Holy Island (off Arran) – islandeering distance 8.7km (ascent 423m)
Another small island hiding off the coast of a popular island is Holy Island, off Arran.
Lisa says: “It is an absolutely incredible place.
“It is very highly accessible and it was a complete surprise to me because it is a Buddhist community living among white stupas and prayer flags and according to the five golden rules of Buddhism.
“It is off the coast of Arran, you can look back and see the towering mountains of Arran.
“I don’t think you’d get that perspective from anywhere else. That’s a very quirky island and it’s a very peaceful, tranquil place to go and it’s not that far away.”
Davaar – islandeering distance 7.4km (ascent 437m)
Davaar is another island accessed by a 30-minute walk across a tidal sand and pebble causeway.
It lies just off Campbeltown on the Kintyre peninsula, with views to Arran in the north east and the Ayrshire coast to the south.
The island has a permanently occupied lighthouse and a few holiday lets but is otherwise sparsely populated.
One of its more unusual attractions is a sea cave with a painting of the Crucifixion inside.
The painting was discovered in 1887 by a local fisherman and frenzied speculation ensued about how it had got there.
The mystery artist, local art teacher Archibald MacKinnon, kept his secret for 47 years before revealing he was behind it.
Eilean Shona – islandeering distance 22km (ascent 890m)
Eilean Shona, which nestles in the entrance to Loch Moidart on the west coast of Scotland, is a “magical place”, according to Lisa Drewe.
Peter Pan writer JM Barrie used the island as a summer holiday retreat for himself and his foster sons in the 1920s and it is thought it was here that he wrote a screenplay for the 1924 film adaptation of his famous work.

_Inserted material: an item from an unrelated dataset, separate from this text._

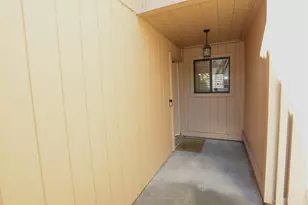1401 Hood Rd, Sacramento, CA 95825 - Photo 2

“You can almost feel some of those mythical characters moving around in the woods,” Lisa says.
The island is now owned by Vanessa Branson, sister of billionaire entrepreneur Richard Branson.
Lisa says that, once on the island, you immediately sense that island is being cared for.
The “unspoilt” island has a permanent population of two but there are some restored cottage for visitors.
South Walls – islandeering distance 18.9km (ascent 200m)
In the Orkney archipelago, the island of Hoy is popular with tourists but few make it to South Walls, which is joined to it by a causeway built on top of sandbanks.
The island’s small population is concentrated at Longhope, with a scattering of houses in the low-lying north.
The south of the island is wild and remote, Lisa says, with some “incredible geological features”.
She says the huge, collapsed sea caves, called gloups, are spectacular.
“When you look down them you get vertigo and at the bottom you can hear the sea sucking and gurgling below,” she says.
Lisa says: “During high seas they become magnificent blowholes and seeing spray blasted out of their tops is quite a surreal experience when walking towards them on the cliff.”